27/10/2013 10h00 – Atualizado em 27/10/2013 10h00
Por: Luciano Martins Costa
Os principais jornais brasileiros trazem nas edições de quarta-feira (23/10) um relato chocante do ritual de violência que levou à morte o ajudante de pedreiro Amarildo Dias de Souza, no dia 14 de julho, numa Unidade de Polícia Pacificadora da favela da Rocinha, no Rio de Janeiro. A investigação só foi possível porque um policial que não compactuava com o crime se sentiu ameaçado por seus colegas de farda e decidiu falar. Os detalhes são aterradores, e mostram que as políticas públicas precisam de muito mais do que belas siglas e boas intenções para produzir um Brasil melhor.
Amarildo foi detido num bar e encaminhado para a Unidade de Polícia de Proximidade, uma das peças da estratégia de ocupação das favelas pelas instituições do Estado. Dali, mesmo sob protestos de sua mulher e amigos, foi encaminhado para a sede da Unidade de Polícia Pacificadora. Isolado num contêiner que serve de detenção provisória, ele passou a ser espancado e torturado por quatro policiais militares, entre eles um tenente.
Sofreu choques elétricos, foi asfixiado com saco plástico e afogado em um balde com água coletada do aparelho de ar condicionado. Seus gritos eram ouvidos por outros policiais que foram confinados em outros contêineres que formam o conjunto de salas da unidade. Alguns deles, entre os quais quatro mulheres, entraram em pânico e foram impedidos de sair.
O comandante da unidade, major Édson dos Santos, acompanhava os fatos de sua sala. Ele havia colocado doze militares cercando aquela parte da unidade, para evitar a aproximação de moradores e outros agentes, enquanto seus subordinados de confiança torturavam a vítima até a morte.
São 25 os acusados, e apenas quatro integrantes da unidade que se encontravam no local no momento do crime ficaram fora do inquérito. Eles pediram que seus colegas parassem a tortura, mas foram ridicularizados e depois ameaçados pelos policiais leais ao comandante. Nos depoimentos que prestaram, fica claro, segundo o Globo, que ali havia se instalado uma espécie de tribunal particular, semelhante aos que tiranizavam a comunidade no tempo em que a região era dominada por traficantes.

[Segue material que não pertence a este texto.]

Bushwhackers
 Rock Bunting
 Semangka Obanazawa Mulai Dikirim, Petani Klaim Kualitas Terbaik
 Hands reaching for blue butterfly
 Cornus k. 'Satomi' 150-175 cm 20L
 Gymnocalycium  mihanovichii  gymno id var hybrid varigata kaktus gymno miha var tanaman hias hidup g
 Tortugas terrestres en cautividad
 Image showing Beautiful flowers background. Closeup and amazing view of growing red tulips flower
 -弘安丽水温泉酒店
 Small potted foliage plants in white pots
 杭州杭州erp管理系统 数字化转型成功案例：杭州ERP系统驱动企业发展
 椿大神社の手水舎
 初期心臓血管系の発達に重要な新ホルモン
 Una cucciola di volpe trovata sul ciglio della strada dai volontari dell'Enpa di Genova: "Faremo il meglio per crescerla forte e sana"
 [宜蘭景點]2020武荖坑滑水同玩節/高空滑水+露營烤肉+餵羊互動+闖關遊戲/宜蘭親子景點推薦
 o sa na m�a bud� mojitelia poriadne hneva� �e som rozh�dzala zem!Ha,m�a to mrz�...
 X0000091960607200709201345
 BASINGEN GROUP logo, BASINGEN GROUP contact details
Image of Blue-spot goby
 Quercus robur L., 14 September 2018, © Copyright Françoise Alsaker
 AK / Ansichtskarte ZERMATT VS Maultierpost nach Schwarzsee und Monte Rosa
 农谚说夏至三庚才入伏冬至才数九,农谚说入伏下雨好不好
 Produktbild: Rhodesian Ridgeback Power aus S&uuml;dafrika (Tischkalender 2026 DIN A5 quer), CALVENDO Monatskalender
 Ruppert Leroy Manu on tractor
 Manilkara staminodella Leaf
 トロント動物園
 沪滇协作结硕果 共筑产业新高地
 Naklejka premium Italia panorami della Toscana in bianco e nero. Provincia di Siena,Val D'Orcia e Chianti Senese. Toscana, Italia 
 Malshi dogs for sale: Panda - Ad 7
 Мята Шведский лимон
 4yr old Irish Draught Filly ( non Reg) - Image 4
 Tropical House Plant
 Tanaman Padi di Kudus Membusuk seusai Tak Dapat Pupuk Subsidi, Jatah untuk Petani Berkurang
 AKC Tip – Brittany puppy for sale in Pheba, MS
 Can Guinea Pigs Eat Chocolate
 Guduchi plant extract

Essa rotina só foi quebrada porque a imprensa se viu obrigada a cobrar uma explicação para o desaparecimento do pedreiro.
Cadê Amarildo?
Essa pergunta foi gritada durante manifestações pelo Brasil afora, ganhou as redes sociais e exigiu que o governo do Rio se comprometesse a dar uma resposta. Mas o penoso processo de apuração revelou que o aparato policial está contaminado por um espírito de corpo que não se sintoniza com os interesses da sociedade.
O caso do pedreiro Amarildo é apenas mais um numa rotina que se repete por todo o país, nas instituições que ainda guardam resquícios da ideologia da violência do Estado contra o indivíduo desprovido de poder.
A leitura da reportagem do Globo, a mais completa, deveria ser parte obrigatória do currículo das academias de polícia de todo o país: o relato revela como o poder arbitrário transferido para indivíduos desqualificados distorce o significado e a natureza do Estado. (Pode ser acessada em serviços de clipping ainda autorizados a reproduzir conteúdos do jornal – ver aqui).
Não é boa prática analisar a personalidade do major Édson dos Santos e seus companheiros de crime a partir de uma notícia de jornal, mas os detalhes do caso induzem à convicção de que há algo de muito doentio no sistema da segurança pública, e não apenas no Rio.
Quando se observa as características da violência oficial no Brasil, fica evidente que o aparato policial se tornou agente de um preconceito institucional contra os mais pobres, principalmente negros e pardos (ver “O genocídio dissimulado”), conforme revelado na semana passada pelo Instituto de Pesquisa Econômica Aplicada (Ipea).
Amarildo é um ícone: apanhado em um bar onde tinha muitos amigos e conhecidos, foi levado para o interrogatório violento sob uma acusação não definida, embora testemunhas tenham afirmado que se tratava de um trabalhador. A presunção de culpa estava provavelmente estampada na cor de sua pele, na constituição de seus cabelos.
Alguns dos policiais que participaram de seu assassinato são negros e pardos, o que insere um elemento de complexidade no problema: o poder branqueia?
Os pesquisadores que se debruçarem sobre o caso certamente vão tropeçar nas célebres reflexões de Hanna Arendt sobre a banalidade do mal. Mas é preciso ir além da teoria. Assim como soube manter em pauta o caso específico do pedreiro Amarildo, a imprensa precisa levantar a bandeira da verdadeira democratização do Brasil.